** REQUIREMENT **
Beginning at the line that contains "Adafruit mini 8x8", write out every line down to the end of the records, with both ends kept and nothing added.

** Extracted data entries **
□ □ □ □ □ □ □

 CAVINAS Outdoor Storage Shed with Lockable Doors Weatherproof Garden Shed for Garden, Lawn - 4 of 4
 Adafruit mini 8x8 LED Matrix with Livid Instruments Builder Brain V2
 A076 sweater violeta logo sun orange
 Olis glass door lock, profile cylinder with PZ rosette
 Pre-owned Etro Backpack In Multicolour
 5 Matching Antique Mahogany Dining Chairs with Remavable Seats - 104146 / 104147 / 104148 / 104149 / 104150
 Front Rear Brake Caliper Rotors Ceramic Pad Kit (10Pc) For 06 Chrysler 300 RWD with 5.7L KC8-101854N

□ □ □ □ □ □ □

** FINISHED TASK **
 Adafruit mini 8x8 LED Matrix with Livid Instruments Builder Brain V2
 A076 sweater violeta logo sun orange
 Olis glass door lock, profile cylinder with PZ rosette
 Pre-owned Etro Backpack In Multicolour
 5 Matching Antique Mahogany Dining Chairs with Remavable Seats - 104146 / 104147 / 104148 / 104149 / 104150
 Front Rear Brake Caliper Rotors Ceramic Pad Kit (10Pc) For 06 Chrysler 300 RWD with 5.7L KC8-101854N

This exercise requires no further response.